Material provided below:
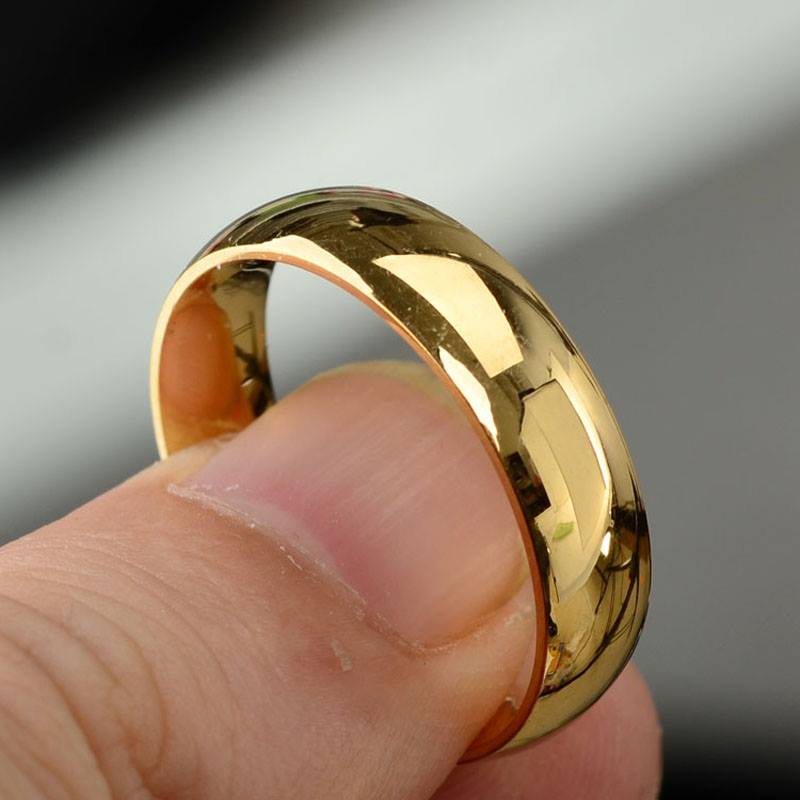 Picture of Stainless Steel Ring Fashion Jewelry Finger Ring - Gold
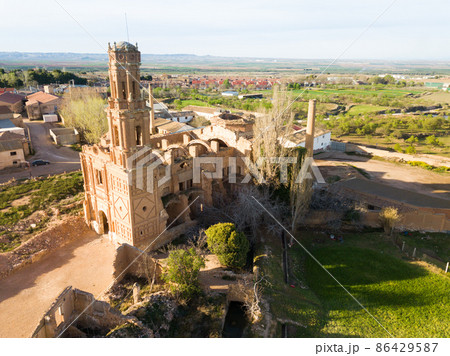 Ruin of ancient church in Belchite 86429587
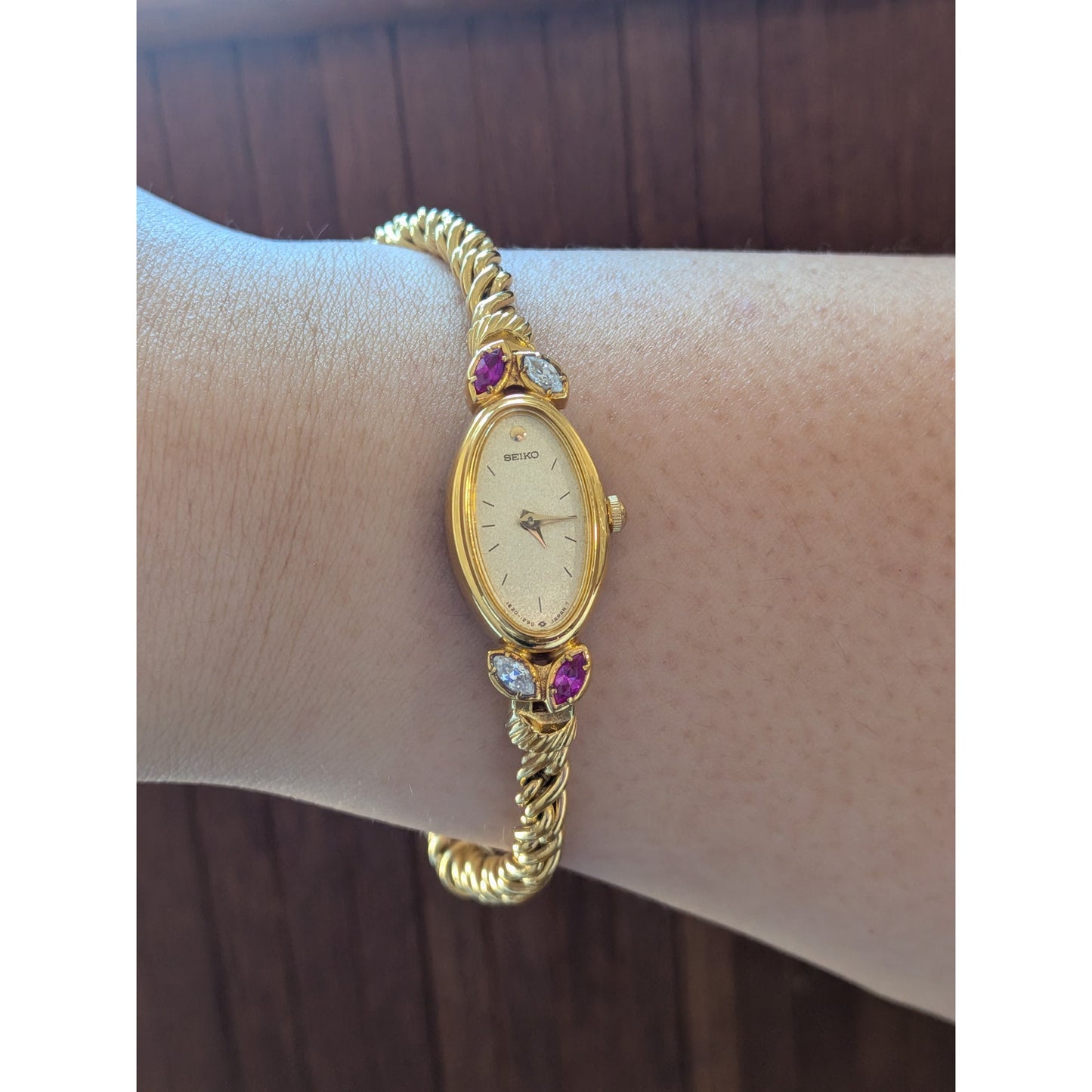 Vintage Seiko Tisse Gold Tone Rope Bracelet Watch Pink and White Stones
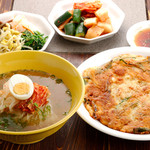 福゜福゜ - 冷麺、チヂミ、キムチ、ナムルなど、野菜をたっぷり使用した一品料理も充実しています。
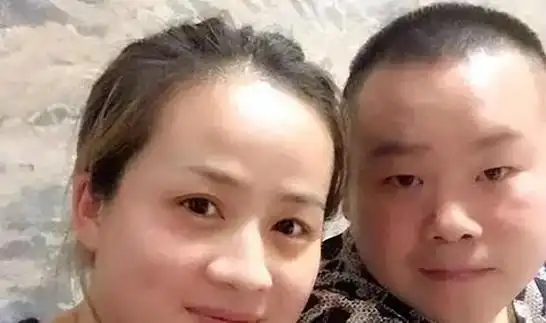 德云社岳云鹏妻子聚会照被晒吃胖了与岳云鹏更有夫妻相了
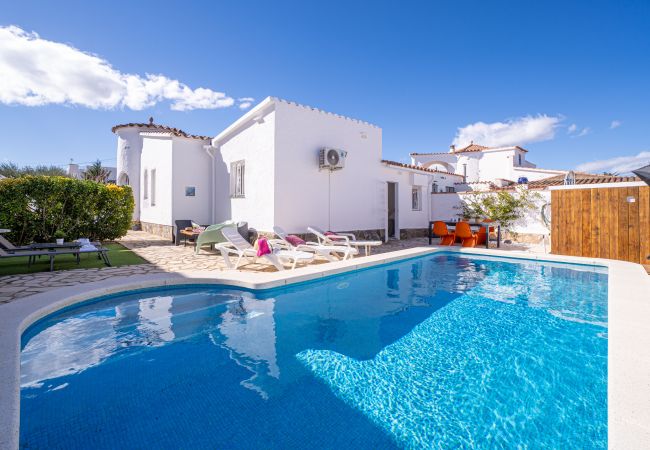 Villa in Empuriabrava - 0009-ALBERES Haus mit Pool Villa in Empuriabrava - 0009-ALBERES Haus mit Pool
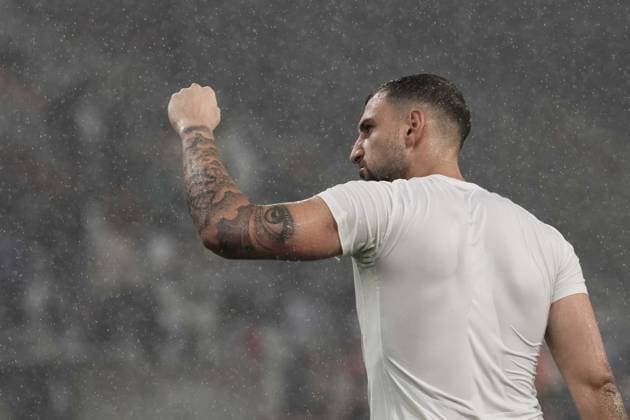 Italy s goalkeeper Gianluigi Donnarumma celebrates for the victory during the Uefa Nations League 24-25 soccer match between Israel and Italy (group B) at the Bozsik Arena, Budapest, Hungary - September 9, 2024. - Soccer .  Copyright: xMassimoxPaolone LaPressex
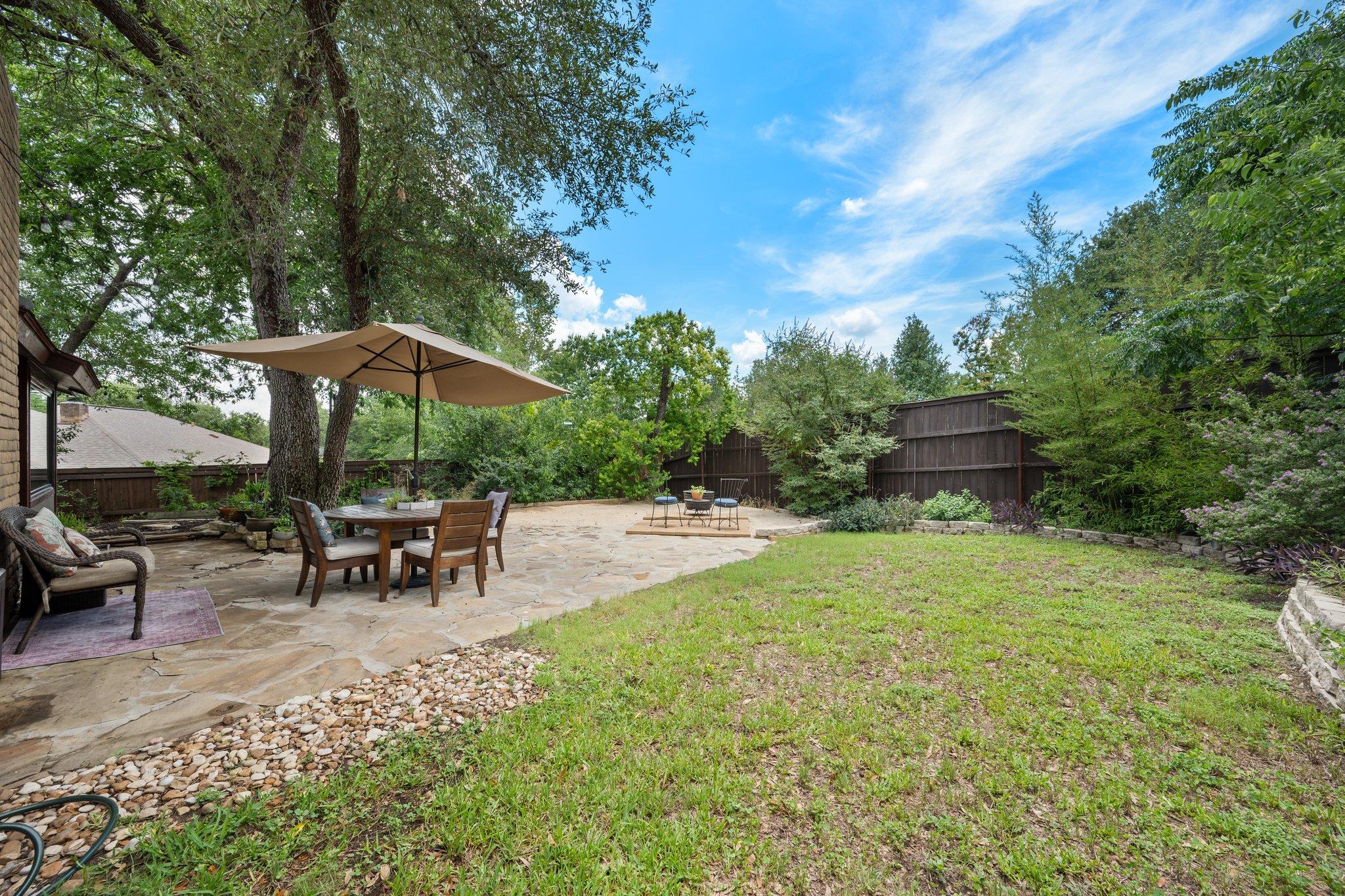 8005 Red Willow Dr, Austin, TX 78736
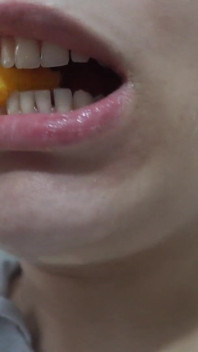 Je mange des frites.
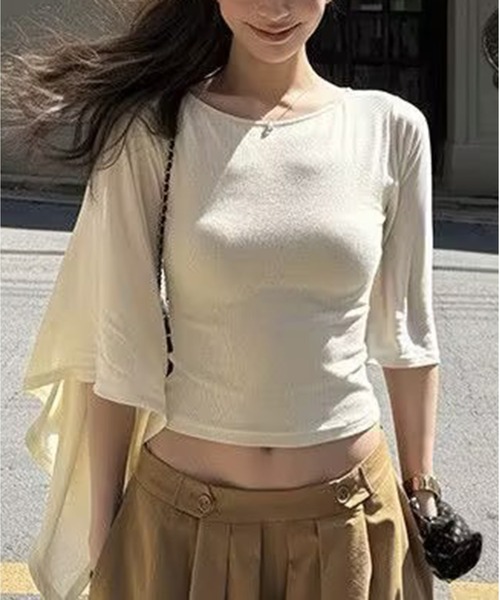 AsheKsha(アシクシャ)の「ワイドスリーブスリムショート丈トップス(Tシャツ/カットソー・レディース・ホワイト・M)」の2枚目の写真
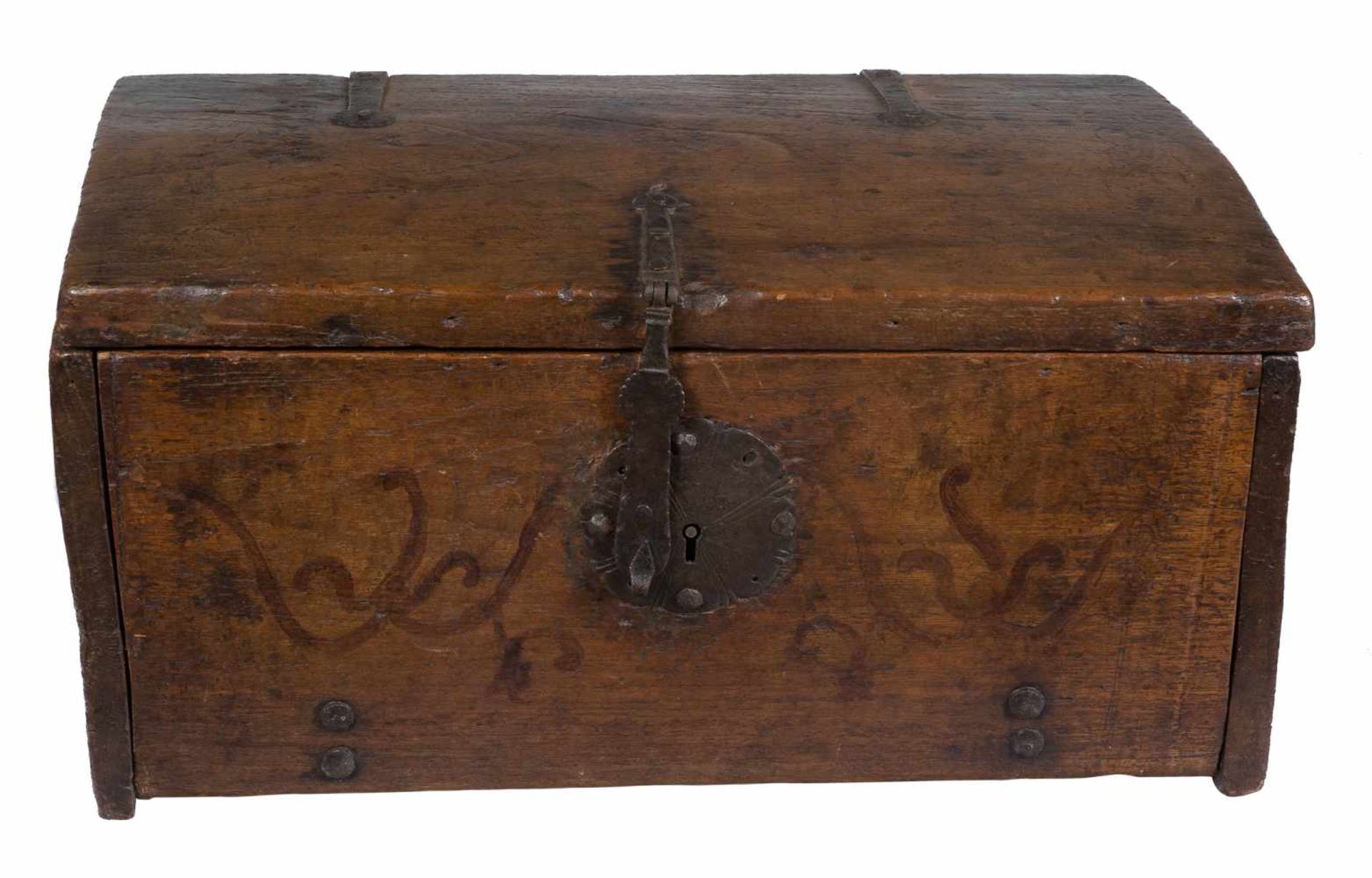 Carved and polychromed wooden chest with iron fittings. Colonial. Mexico or Colombia. 17th century. - Bild 6 aus 6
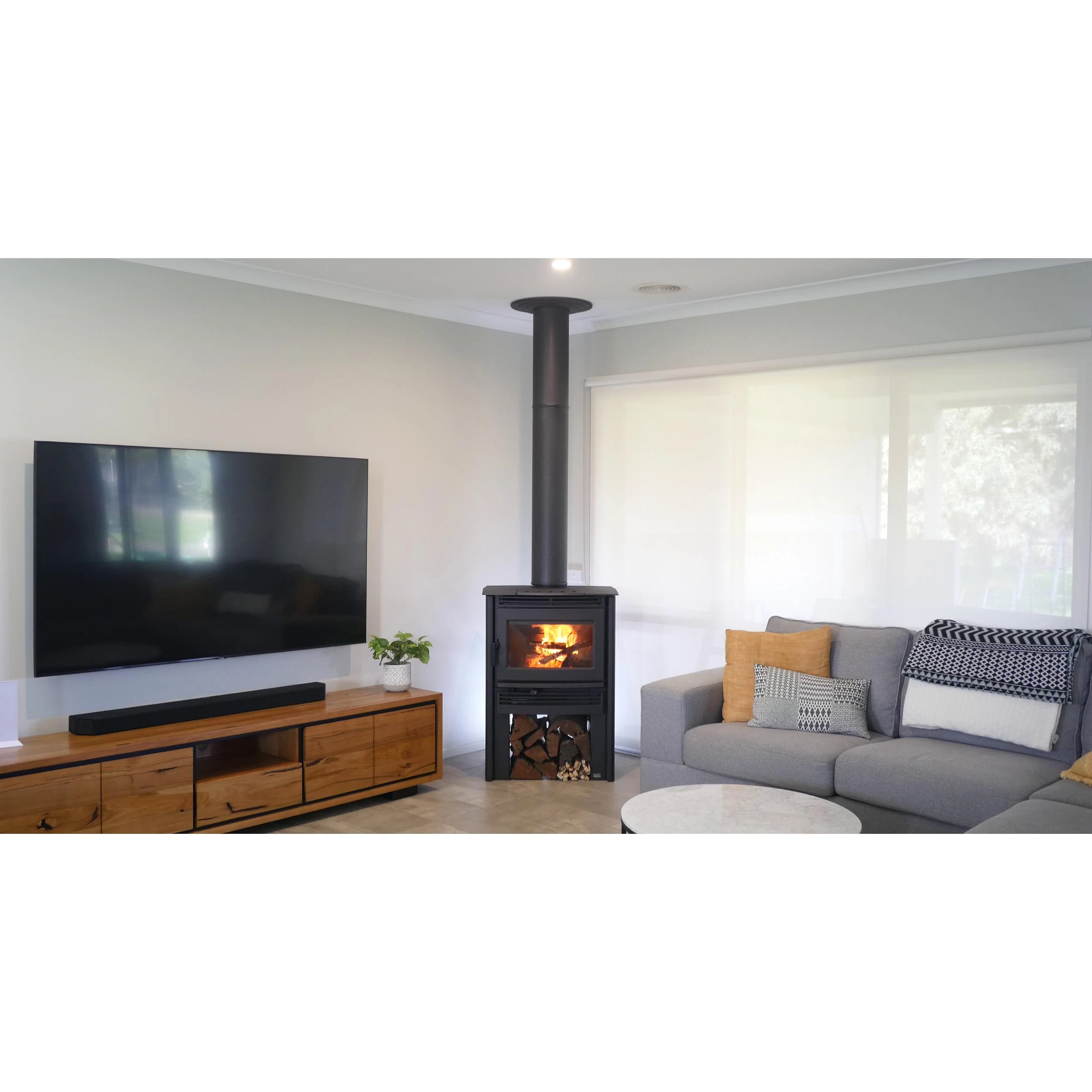 Pacific Energy Neo 2.5 Freestanding Wood Fireplace - Image 2
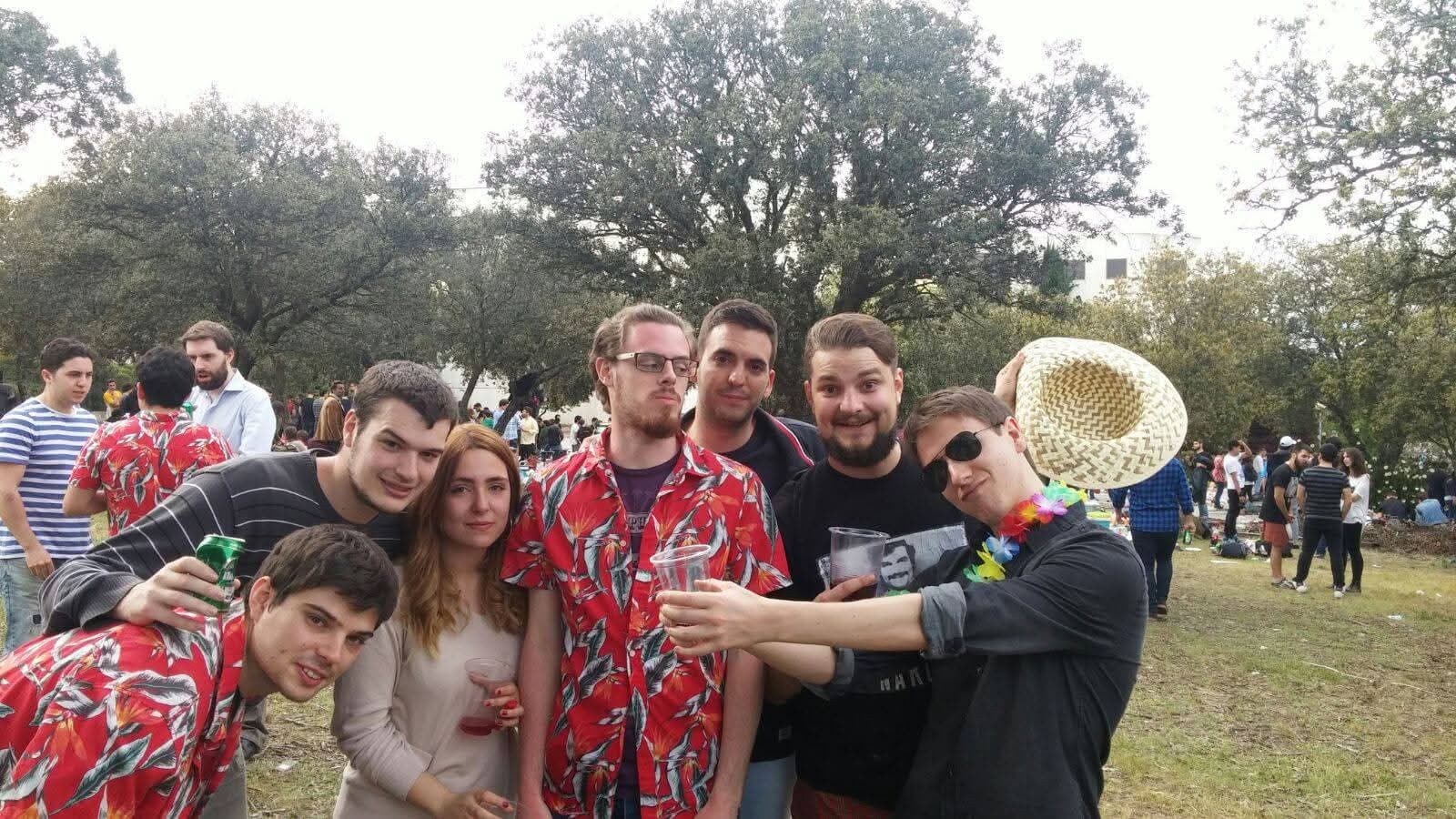 Foto del grupo en una fiesta de paellas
End of Material provided.
Exclude the pictures from the copy. Retype exactly the lines running from the one containing "Carved and polychromed" through the last line of the listing.

### Solution to the exercise
 Carved and polychromed wooden chest with iron fittings. Colonial. Mexico or Colombia. 17th century. - Bild 6 aus 6
 Pacific Energy Neo 2.5 Freestanding Wood Fireplace - Image 2
 Foto del grupo en una fiesta de paellas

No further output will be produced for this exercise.